Nocturnal oxygen saturation was sampled at 1 Hz, converted from an analogue to a digital signal, and stored in a portable monitor. The monitor employed a Healthdyne 202-11 oximeter (Healthdyne Technologies). The following morning the data were downloaded into a personal computer where they were interpreted by the non-proprietary automated analysis algorithm. Only the oxygen saturation signal was used to determine the monitor RDI. The algorithm sequentially scanned each recorded oxygen saturation value (1 Hz). Whenever a drop in a sampled oxygen saturation value was detected the program assigned an event marker to that reading. Because oxygen saturation values were sampled and recorded at 1 Hz, event markers were separated by no less than one second. When an increase in oxygen saturation was detected, the program determined if at least three consecutive event markers—that is, three consecutive falls in recorded oxygen saturation readings—were present prior to this rise. If this criterion was met and one of the event markers was associated with an oxygen saturation value ⩾4% lower than the baseline oxygen saturation, then a respiratory disturbance was designated. Baseline Sao 2 was calculated as a moving time average. The mean of the top fifth percentile of oxygen saturation values over the five minutes preceding the event was taken as baseline. The RDI was calculated by dividing the total number of respiratory disturbances by the total monitor probe-on time. The RDI was generated by automated analysis only, and no attempt was made to score the oximetry record manually.
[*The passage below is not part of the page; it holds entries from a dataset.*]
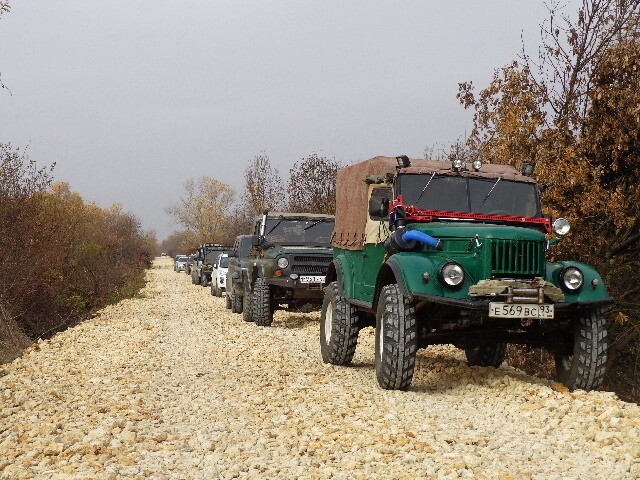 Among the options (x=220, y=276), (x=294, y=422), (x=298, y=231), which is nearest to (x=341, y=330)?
(x=294, y=422)

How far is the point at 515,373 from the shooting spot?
28.9 ft

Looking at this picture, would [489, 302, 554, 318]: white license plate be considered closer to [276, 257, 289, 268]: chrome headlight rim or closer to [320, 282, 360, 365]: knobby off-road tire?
[320, 282, 360, 365]: knobby off-road tire

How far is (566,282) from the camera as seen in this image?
23.1ft

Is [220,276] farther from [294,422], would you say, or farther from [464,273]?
[294,422]

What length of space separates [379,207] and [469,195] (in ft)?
3.43

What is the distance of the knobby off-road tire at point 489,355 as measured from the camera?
919 cm

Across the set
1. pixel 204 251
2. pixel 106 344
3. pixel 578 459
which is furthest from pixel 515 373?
Result: pixel 204 251

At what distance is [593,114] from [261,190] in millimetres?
28449

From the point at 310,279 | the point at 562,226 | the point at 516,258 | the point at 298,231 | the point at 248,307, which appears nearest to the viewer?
the point at 516,258

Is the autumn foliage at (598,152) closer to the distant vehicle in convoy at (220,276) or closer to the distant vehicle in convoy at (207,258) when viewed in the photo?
the distant vehicle in convoy at (220,276)

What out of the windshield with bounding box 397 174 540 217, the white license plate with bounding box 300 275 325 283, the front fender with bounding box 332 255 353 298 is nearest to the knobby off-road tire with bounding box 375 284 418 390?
the windshield with bounding box 397 174 540 217

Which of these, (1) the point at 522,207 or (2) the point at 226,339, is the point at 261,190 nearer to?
(2) the point at 226,339

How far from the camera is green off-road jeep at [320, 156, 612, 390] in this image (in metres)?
6.82

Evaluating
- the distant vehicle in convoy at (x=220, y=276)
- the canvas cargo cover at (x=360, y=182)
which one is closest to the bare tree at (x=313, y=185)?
the distant vehicle in convoy at (x=220, y=276) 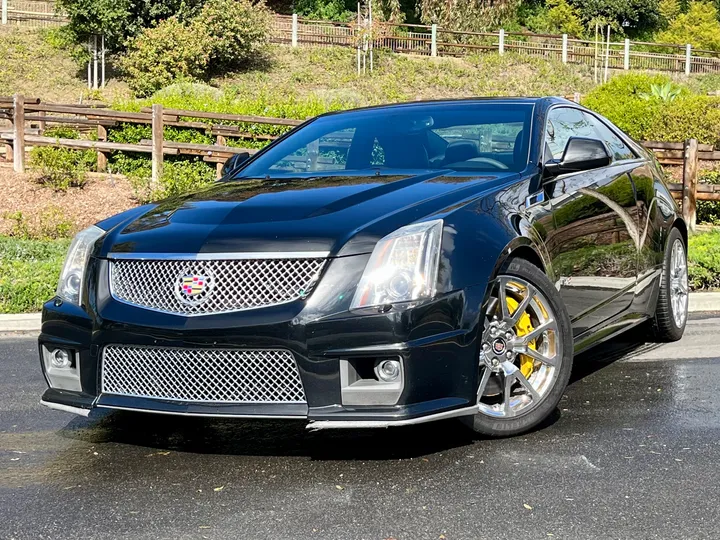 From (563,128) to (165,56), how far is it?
112 feet

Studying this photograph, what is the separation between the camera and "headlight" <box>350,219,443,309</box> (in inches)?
170

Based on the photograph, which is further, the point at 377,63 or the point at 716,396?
the point at 377,63

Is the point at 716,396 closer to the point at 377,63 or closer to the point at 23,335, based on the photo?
the point at 23,335

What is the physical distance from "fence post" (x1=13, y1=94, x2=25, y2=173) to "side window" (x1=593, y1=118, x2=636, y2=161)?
16.0 metres

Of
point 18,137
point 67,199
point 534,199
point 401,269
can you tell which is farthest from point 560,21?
point 401,269

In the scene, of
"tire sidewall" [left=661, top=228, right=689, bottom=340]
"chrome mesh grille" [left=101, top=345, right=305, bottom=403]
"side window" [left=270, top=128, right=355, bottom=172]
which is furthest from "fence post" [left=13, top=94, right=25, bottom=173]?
"chrome mesh grille" [left=101, top=345, right=305, bottom=403]

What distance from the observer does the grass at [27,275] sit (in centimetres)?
890

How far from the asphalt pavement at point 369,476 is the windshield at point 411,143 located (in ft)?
4.40

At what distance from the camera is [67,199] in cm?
1864

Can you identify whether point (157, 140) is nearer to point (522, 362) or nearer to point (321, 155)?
point (321, 155)

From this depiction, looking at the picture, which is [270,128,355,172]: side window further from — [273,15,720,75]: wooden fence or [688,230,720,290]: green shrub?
[273,15,720,75]: wooden fence

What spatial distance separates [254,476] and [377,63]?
3969cm

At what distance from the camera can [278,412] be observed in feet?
14.3

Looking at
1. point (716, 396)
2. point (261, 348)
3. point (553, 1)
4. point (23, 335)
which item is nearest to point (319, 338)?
point (261, 348) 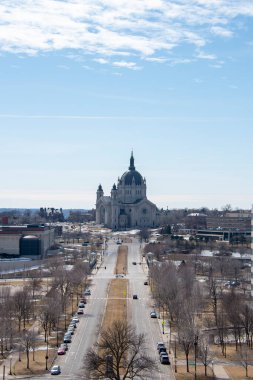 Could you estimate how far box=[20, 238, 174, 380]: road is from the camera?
47909 millimetres

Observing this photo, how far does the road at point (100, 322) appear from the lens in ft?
157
Differences in mean AHI-A, AHI-B, and RDI were assessed by analysis of variance. The strength of association between the RDI and AHI was explored using scatterplots and Spearman's rank test. Modified Bland-Altman plots were constructed to assess the agreement between PSG and RDI.11 The mean of the differences between PSG and RDI (instrument bias) and the limits of agreement (2SD of the mean of the differences) were calculated. Receiver operating characteristic (ROC) curves were constructed to evaluate the automated analysis algorithm diagnostic performance at four commonly used AHI diagnostic criterion values (10, 15, 20, and 30/h). Sensitivity and specificity may be altered by small, clinically insignificant differences in AHI and RDI if the measured values just lie on either side of an OSA diagnostic cut off value. We therefore also assessed the algorithm performance after the exclusion of patients with small differences between AHI and RDI ((AHI-B − RDI) <5/h) which straddled the diagnostic threshold values—that is, one result above and the other result below the OSA diagnostic threshold. The number of patients in whom a diagnosis of OSA was missed (false negative) and the number in whom a diagnosis of OSA was inappropriately made (false positive) were recorded.



A total of 915 referral letters were reviewed and 681 patients were deemed eligible for study. Two hundred and thirty four patients were excluded from the study because of out of town residence (n = 178), chronic insomnia (n = 30), age <18 years (n = 5), neuromuscular disease (n = 4), severe coronary artery disease (n = 4), severe lung disease (n = 2), significant daytime hypoxaemia (n = 2), restless leg syndrome (n = 2), night terrors (n = 2), psychiatric illness (n = 2), or narcolepsy (n = 3). Of the 681 eligible patients 326 were randomly selected to participate in the study. Seven patients refused to participate, giving a participation rate of 98%. Of the 319 patients studied four had technically inadequate PSG studies leaving a total of 315 patients for final analysis. All patients underwent in-hospital PSG and a home monitoring study. The automated analysis algorithm was validated on the last three quartiles (245 patients) by comparing the PSG derived AHI with the RDI derived from off line analysis of the oximetry signal. Of the 245 patients recruited for AAA validation, four of the oximetry records were deemed inadequate, thus leaving 241 patients for analysis. The oxygen saturation signal was derived from either an ear probe (n = 103) or a finger probe (n = 138). AHI-B was calculated from a randomly selected subset of patients who were evaluated using the finger probe (n = 94).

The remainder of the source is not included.